Third, Plaintiff's claims of purported irregularities over financial disclosures and case reports are also without merit. Plaintiff offers no explanation linking the alleged irregularities to any bias or prejudice on the Court's part. Instead, Plaintiff repeats the same disagreements she has previously expressed over the Court's prior rulings, specifically on her failure to exhaust her administrative remedies. Judicial rulings, however “almost never constitute a valid basis for a bias or partiality motion.” Liteky v. United States, 510 U.S. 540, 555 (1994). Plaintiff presents no argument or evidence to warrant departure from this general rule. The Court makes clear it harbors no personal bias or prejudice, one way or the other, towards Plaintiff or Defendant. Throughout the proceedings, the Court has given due consideration to motions filed by both parties and afforded Plaintiff, due to her pro se status, considerable leeway-granting her, inter alia, ample time to find counsel, repeated extension of deadlines, and access to electronically file documents.
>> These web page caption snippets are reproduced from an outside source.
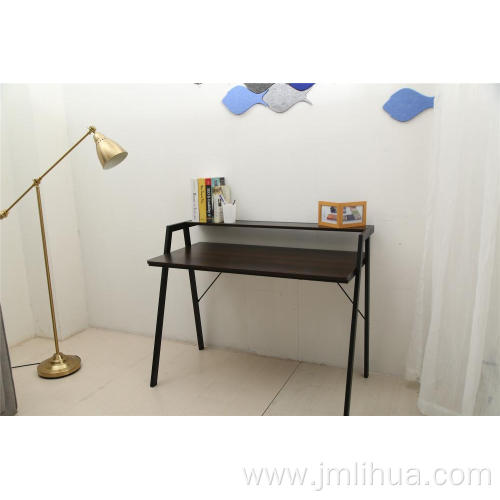 black multifunction working desk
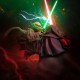 Star Wars Estatua 1/10 Deluxe Art Scale Yoda vs Emperor Palpatine (CCXP Exclusive 2024) 31 cm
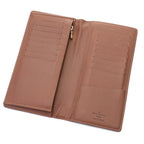 Louis Vuitton Portefeuille Brazza Monogram Bifold Wallet Canvas Brown — view 7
In the end, the Court is faced with a motion to disqualify which lodges accusations of bias and prejudice based solely on coincidental connections. Conclusory allegations devoid of specific facts tending to show personal bias are insufficient to support a motion for recusal. See, e.g., United States v. Sibla, 624 F.2d 864, 869 (1980). It would thus be an untenable stretch for a reasonable person with knowledge of the all the facts of this case to question the Court's impartiality. Indeed, a reasonable person in this context means “a well-informed, thoughtful observer as opposed to a hypersensitive or unduly suspicious person.” Clemens v. U.S. District Court for the Central District of Ca., 428 F.3d 1175, 1178 (9th Cir. 2005) (citations and internal quotations omitted). Plaintiff's showing does not meet the reasonable person standard. See Hernandez, 109 F.3d at 1453. Simply put, there is no demonstrated bias or prejudice requiring recusal in this case.
III. CONCLUSION
Accordingly, for the foregoing reasons, the Court DENIES Plaintiff's motion to disqualify pursuant to 28 U.S.C. §§ 144 and 455.
IT IS SO ORDERED.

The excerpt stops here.